Même lorsque l’on se concentre sur les cinémas marocain, tunisien et algérien, les obstacles sont nombreux. En particulier, le cinéma algérien peine à déplacer les foules. « Pour être honnête, il n’existe pas de public cinéphile en Algérie, » reconnaît Hadji. « Les vrais cinéphiles, ceux que l’on retrouve à toutes les avant-premières, dans tous les festivals, ne sont qu’une trentaine. » Une situation qui tranche avec l’âge d’or qu’a connu le cinéma algérien dans les années 60-70. « Cette époque est révolue, » explique encore Hadji. « Aujourd’hui, le cinéma n’est plus une tradition sociale. En France, les spectateurs achètent leur billet 3 jours à l’avance pour pouvoir assister à la projection d’un film en présence de l’équipe. C’est un véritable rituel, ce qui n’est pas le cas ici. En Algérie, beaucoup de jeunes de 20-25 ans n’ont jamais vu un seul film sur grand écran. C’est tellement plus facile pour eux d’avoir recours au piratage et de voir les films sur leur ordinateur portable ! »

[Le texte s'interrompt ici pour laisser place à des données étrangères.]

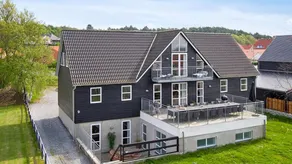 Wonderful holiday home with garden, terrace & barbeque | Pets allowed - Image 2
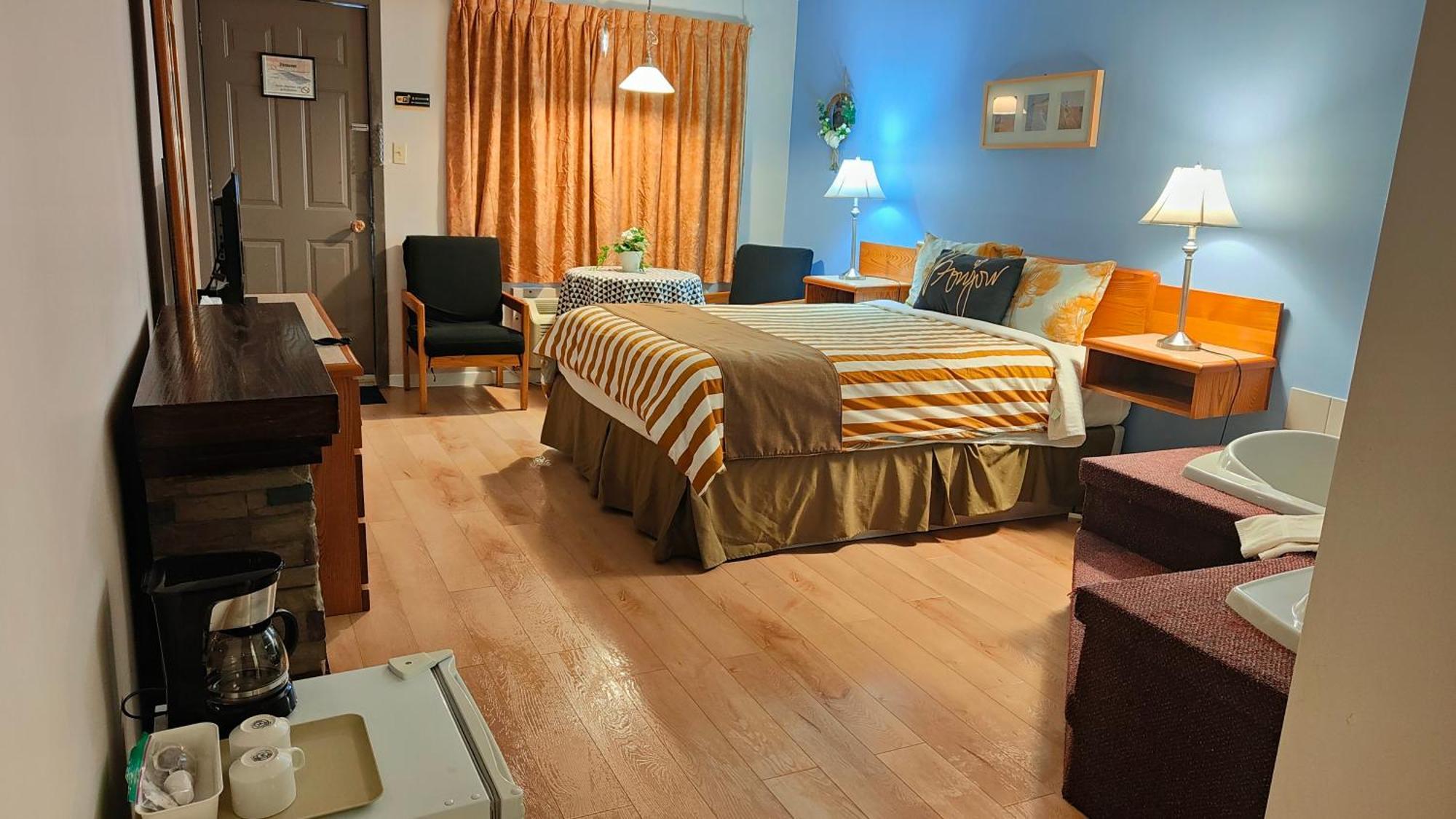 Motel Le Radisson De Val-David Ruang foto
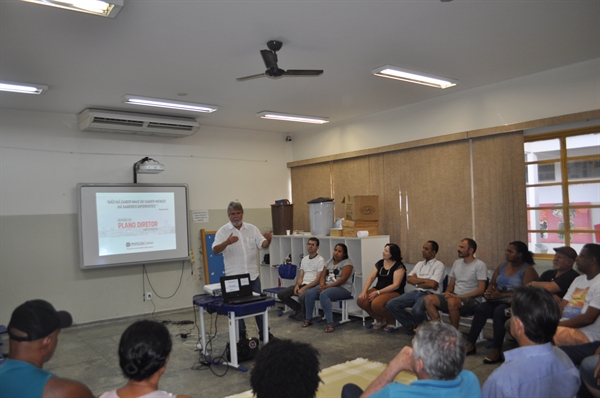 A primeira Oficina Participativa para elaboração da revisão do Plano Diretor foi realizada nesta quarta-feira (Foto:  Daniel Castro/A Cidade)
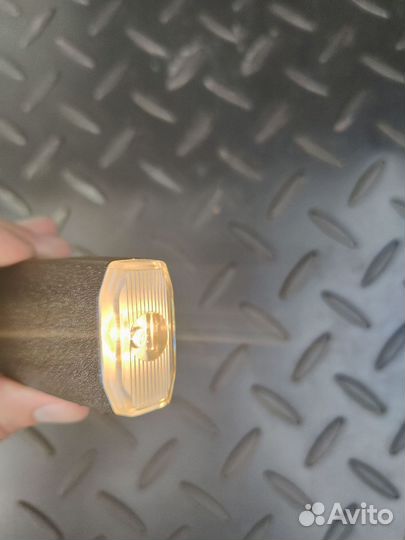 Bmw Фонарик в бардачок штатный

Se dessine ainsi en creux le drame d’une rupture générationnelle. Comment et à qui transmettre l’amour du cinéma lorsque les jeunes ne s’intéressent qu’aux grosses productions américaines et ne considèrent pas le grand écran comme un outil essentiel de l’émotion cinématographique ?
Une fois encore, à l’unisson avec les recommandations du rapport Euromed, la lutte contre l’exploitation illégale des œuvres s’affirme comme une politique cruciale pour la survie et la pérennisation du cinéma maghrébin. Mais la seule répression ne peut redonner au jeune public le goût du cinéma. Il est également primordial de mettre en œuvre une politique d’éducation à la cinéphilie. Nadia Labidi le souligne dans sa déclaration. « Il faut faire fructifier les complémentarités, à tous les niveaux, […] jusqu’aux ciné-clubs qui assurent une éducation artistique citoyenne et constituent un vivier de cinéphiles, » écrit-elle.
Au Maghreb aujourd’hui, de jeunes cinéastes interrogent leur région et leur identité. La production cinématographique ne cesse de croître et d’innover, de sorte qu’il est possible de parler d’une relève du cinéma maghrébin. Mais cet essor artistique ne pourra se poursuivre s’il ne trouve son public. Les gouvernements maghrébins doivent donc réfléchir à des politiques budgétaires, logistiques et éducatives, pour que les Algériens, Tunisiens, Marocains, Libyens et Mauritaniens renouent enfin avec leurs salles de cinéma.